Desde España, Andrés Ehrenhaus nos informa de la muerte del traductor español Hernán Sabaté (foto), ocurrida el 22 de noviembre pasado, y nos envía el siguiente recuerdo.
Chau Hernán, viejo roquero
El martes a la madrugada se murió Hernán Sabaté. Tenía más cicatrices que un torero y una mente lúcida como pocas en esta noble y trajinada profesión. Acabo de ir al portal del ISBN a corroborar lo que siempre nos admiraba de él: en efecto, bajo su nombre hay 478 entradas, todas ellas traducciones. Hernán traducía desde 1976, el año en que llegué a España, pero apenas me llevaba dos años de edad; sin embargo, su concepción absolutamente pragmática de la cosa es la que ha dado pie a esos números de récord Guiness, alejados de los de la mayoría de nosotros. Para Hernán, éramos, somos obreros, albañiles, peones, los jornaleros de la literatura, mensajeros anónimos de las letras ajenas, y en cierto modo estaba, está bien que apenas se nos vea. Para Hernán, ser invisibles era, es un don, un don que hay que devolver con esfuerzo, honestidad y paciencia; lo mismo le daba la peor de las novelas de serie rosa que el James Ellroy más difícil. Todo era, es trabajo, todo se tenía, se tiene que hacer bien. Hernán traducía para paliar el hambre de comida, no la sed de trascendencia. Creo que puedo decir con toda seguridad que Hernán traducía con alegría, que se alegraba de poder y saber traducir.
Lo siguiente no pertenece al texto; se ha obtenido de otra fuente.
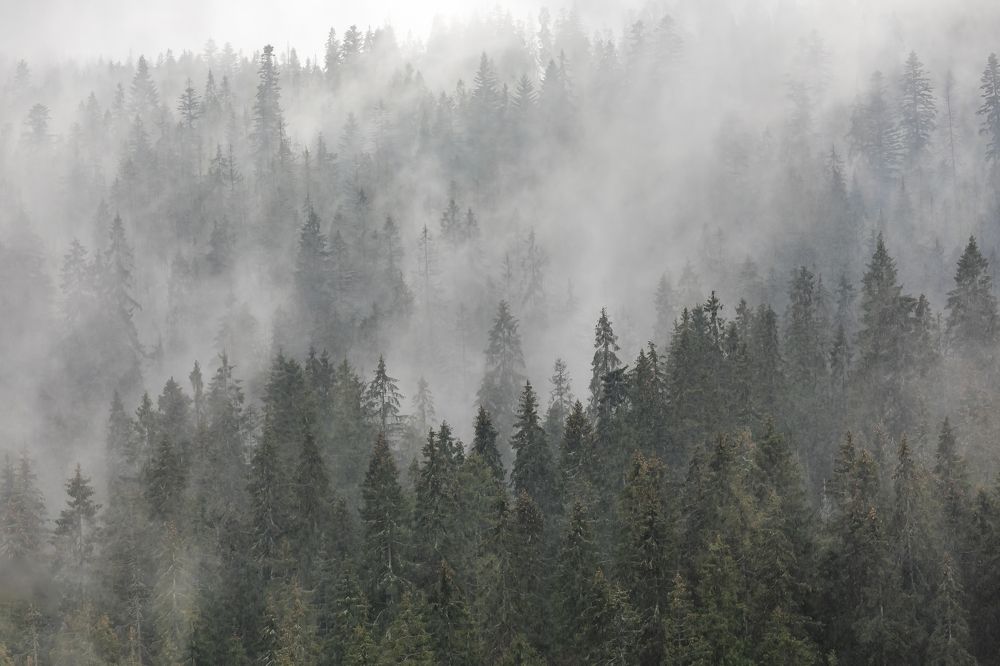 Photograph by Ivars Salmanis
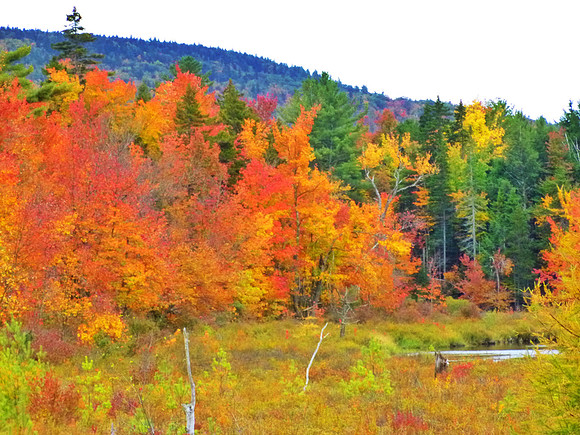 Gridley River, New Ipswich, NH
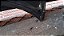 Capo Fiat tempra 1992 a 1996 Com detalhe - Imagem 2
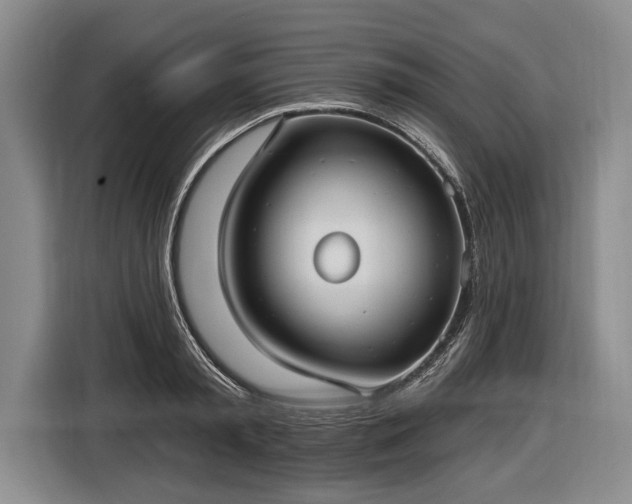 X0000116570797200912171503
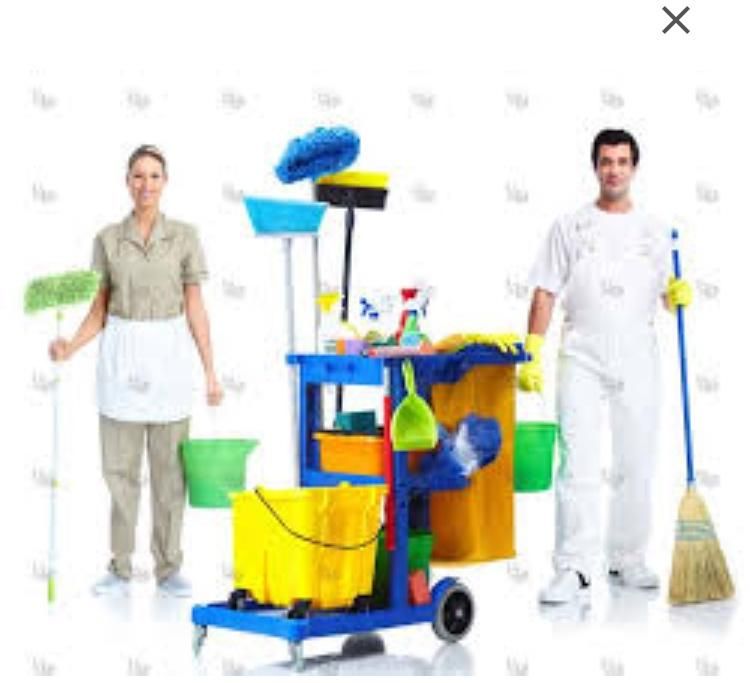 نظافت منزل و ویلا و حیاط|خدمات نظافت|نور, |دیوار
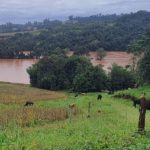 Os produtos doados de outras regiões incluem feno pré-secado e silagem.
Cuatro días antes habíamos estado charlando con él y Montse Gurgui, con quien traducía a cuatro manos desde 1984, en el balcón que da a la cancha del Europa, el club más antiguo de Barcelona. Montse y Hernán acababan de ganar el Premio Esther Benítez, y Hernán estaba orgulloso de haber ganado el único premio que para él tenía sentido, porque al ganador lo votan los colegas de profesión: el reconocimiento de los pares lo gratificaba más que la somera visibilidad pública. Coherente hasta el final, Hernán sabía que solo los que saben saben cuánto cariño y trabajo hay dentro de cada libro. La entrega del premio se había adelantado al martes precisamente para que Hernán llegara, pero no llegó. Él ya lo había anticipado, con una sonrisa pícara, esa tarde mientras comentábamos la jugada: “Yo no sé si podré ir”. Un humor y una integridad de fierro hasta en las horas más trágicas. Así era y así vamos a recordarlo. Un hacha. Un corazón enorme. Un viejo roquero. Chau, Hernán.